I have been asked a few times in the last 2 months if I would have jumped into self employment if I knew Google would hit my clients and advertisers in March and April 2012. Yes, yes I would. Self employment obviously has its ups and downs, but quite frankly, I feel that a bad day working for myself is better than a great day working for someone else. Period.
Just Have a Plan
That said, bad months need to be planned for. Here is what I have concentrated on:
- Diversification. We have many clients and many advertiser contacts. That helps lessen the risk. I also have started a side commenting business, can go back to staff writing, and have a few other ideas in the shoot. In short, there are backups – lots of backups.

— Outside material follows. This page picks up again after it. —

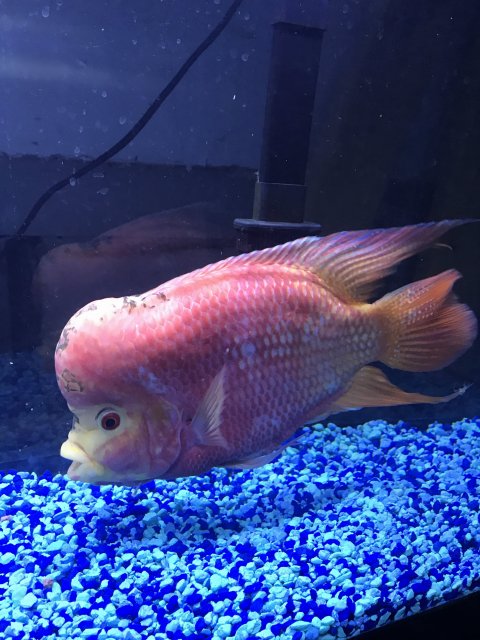 fader flowerhorn fish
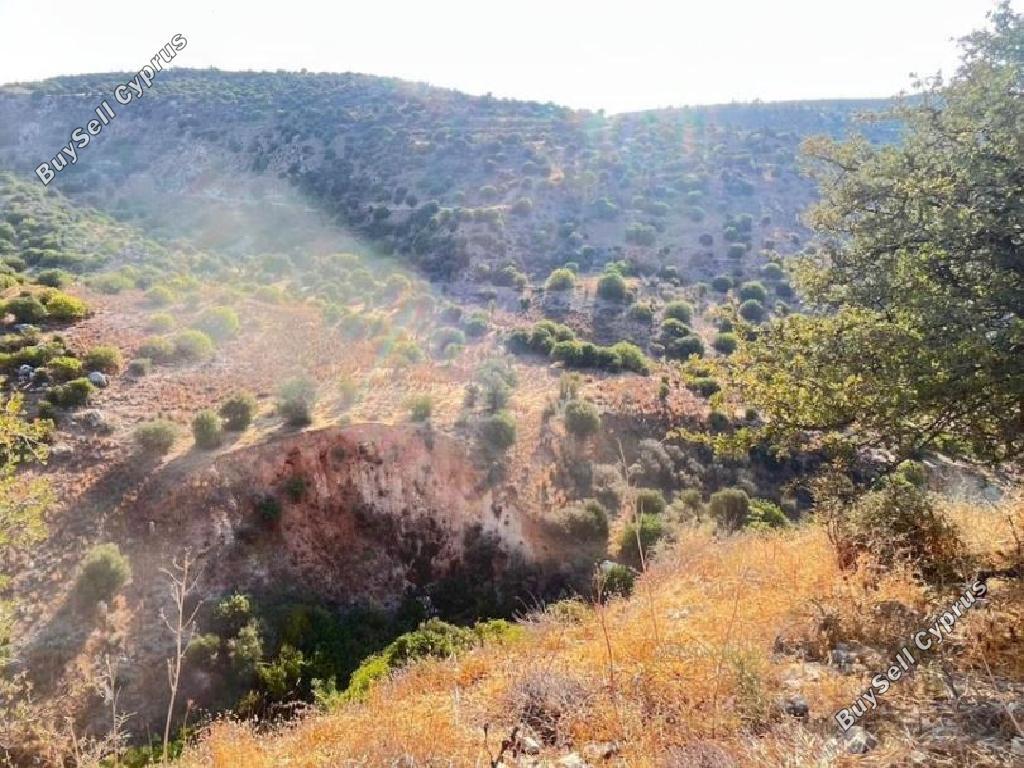 land for sale nata paphos 933604 image 15599400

- Save. We make sure to keep cash on hand to cover bad months and build this padding up during the good ones. We also used extra to pay down our mortgage so we’d have less debt liability overall. We’ll be buying a new home, but will be renting out our current home and a room in our new house, which will cover the new mortgage, taxes, and expenses.
- Pay yourself a salary. The reason we could save and pay down mortgage debt during the good months is that we didn’t spend the extra we were making then. We pay ourselves a salary that relies on us making way less than normal and stick to it. I swear by this method and would suggest it to anyone.
Overall, self employment is NOT for everyone. Some of my friends actually like their regular day jobs, and I think that’s awesome. Really. I just want everyone to love what they do.
No matter what you choose, I would suggest having a plan. Plan for good months. Plan for bad months. Plan for layoffs. And make sure to budget in some fun. Just have a plan.